Wie ein Normalbürger hat er sich zu schmerzlicher Veränderung erst durchgerungen, als der Leidensdruck unerträglich war. Nicht nur die Wirtschaft, auch er selbst steckte zuletzt in der Bredouille. Seit Monaten ist er der unbeliebteste Präsident der Fünften Republik, zudem ist ihm sein Privatleben entglitten. Die Enthüllung einer Liebesaffäre mit der Schauspielerin Julie Gayet und der Krankenhausaufenthalt der hintergangenen Lebensgefährtin   hatten dem politisch-wirtschaftlichen Desaster ein privates folgen lassen.
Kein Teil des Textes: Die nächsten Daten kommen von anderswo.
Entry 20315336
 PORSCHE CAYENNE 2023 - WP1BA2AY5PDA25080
Opfer werden unvermeidlich sein

Mit dem im Elysée-Palast ausgerufenen Kurswechsel hat Hollande einen Befreiungsschlag gelandet, die Flucht nach vorne angetreten. Wenn den Ankündigungen nun auch noch Taten folgen, profitieren nicht nur der Präsident und seine Landsleute davon. Denn was Hollande in dieser Stunde der Wahrheit über Europa und den Rest der Welt gesagt hat, ist nicht minder richtig. Nur ein wirtschaftlich starkes Frankreich findet international Gehör, kann gemeinsam mit Deutschland Europa neue Wege weisen. Eine als reformunfähig bemitleidete französische Nation, ein als Schürzenjäger belächelter Präsident, sind dazu nicht in der Lage.
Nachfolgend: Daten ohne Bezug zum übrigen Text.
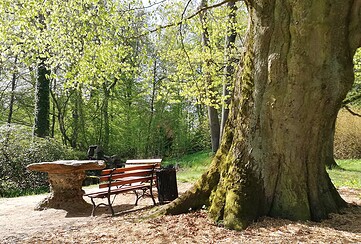 Nature Writing - Workshop im Schlosspark Wiesenburg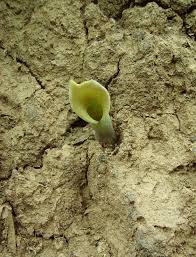 Image result for Stylochaeton puberulus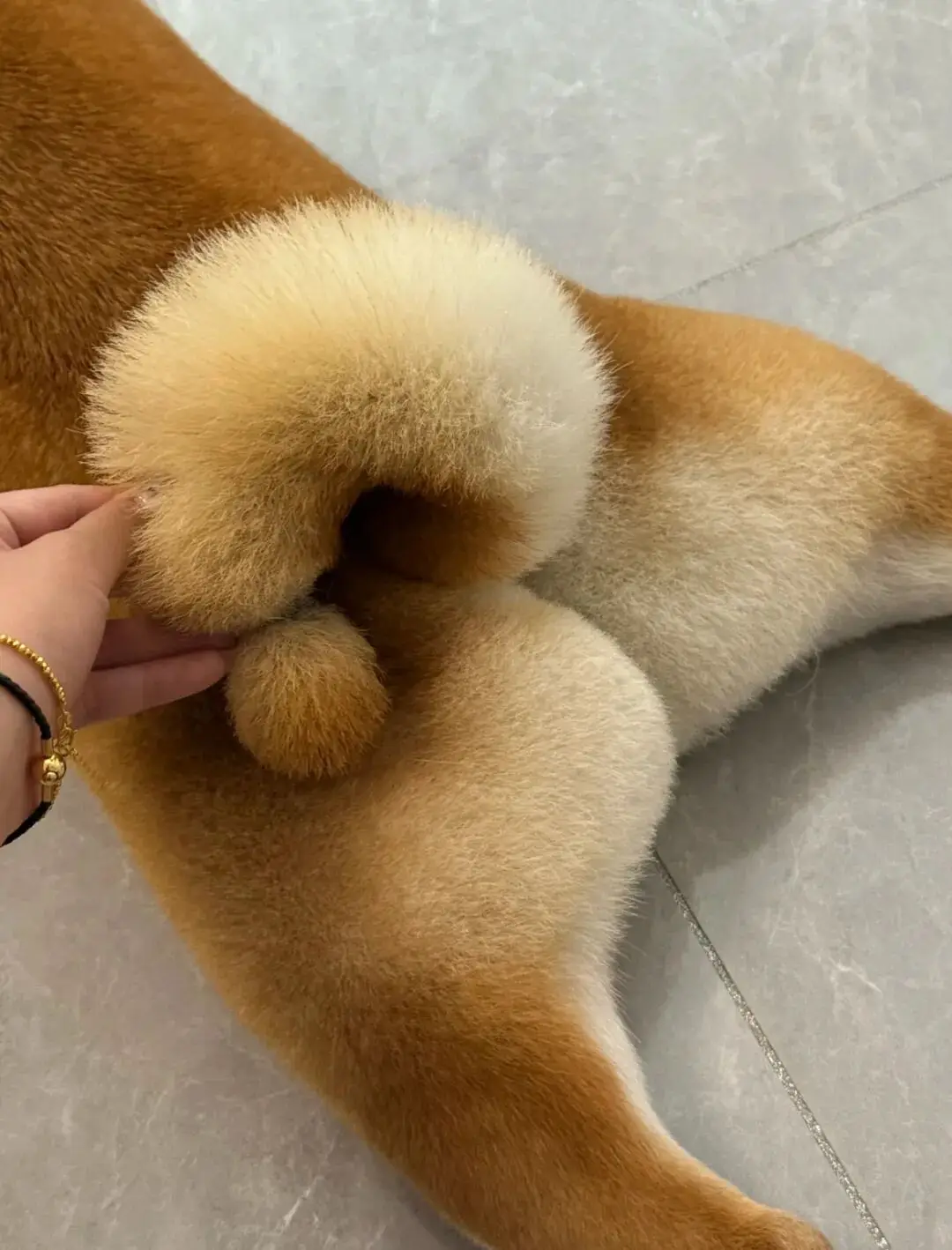 美容師給柴犬剪了個歎號尾巴，翹起來的時候……好想彈一下啊！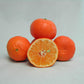 Nules Clementine Budwood citrus plant material online shopping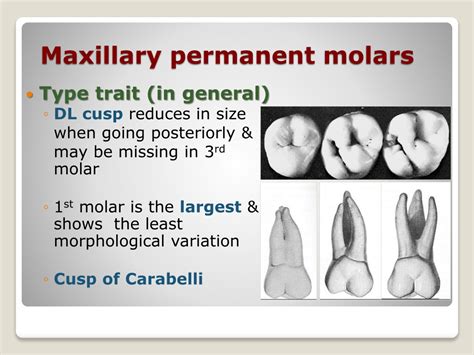 Ppt Morphology Of Permanent Maxillary Molars Powerpoint Presentation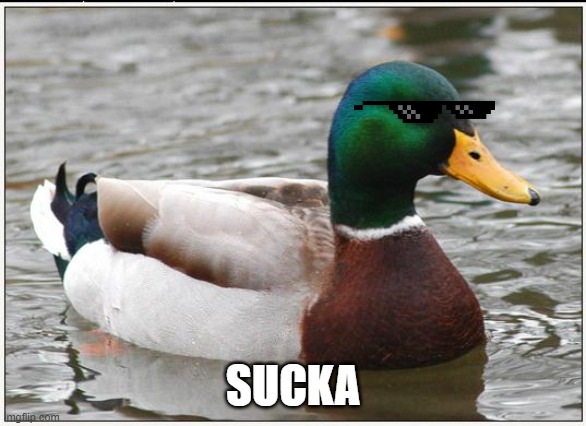 Actual Advice Mallard Meme | SUCKA | image tagged in memes,actual advice mallard | made w/ Imgflip meme maker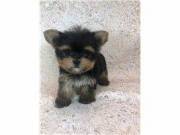 Yorkie Needs a Home text at ‪(302) 715-4471‬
Die Kluft, die sich zwischen Hollandes europapolitischen Ambitionen und der Wirklichkeit aufgetan hat, legt hiervon eindrücklich Zeugnis ab. Bleibt zu hoffen, dass Frankreichs in der Vergangenheit durch heftigen Zickzackkurs Verwirrung stiftender Staatschef nicht einknickt und dass seine Parteifreunde im Parlament, Frankreichs Linke sowie die Bevölkerung die Wende mitmachen. Denn auch wenn sich Hollande gehütet hat, von schmerzlichen Opfern zu sprechen – sie sind unvermeidlich. Die Zeiten, da Frankreich ein Drittel des im Lande Erwirtschafteten in Sozialleistungen stecken konnte, sind vorbei. Auch in Frankreich dürfte der makroökonomische Fortschritt mit sozialem Rückschritt erkauft werden. Hollande hat mit dem Mut der Verzweiflung eine Kurswende eingeleitet. Am Ziel ist er noch lange nicht.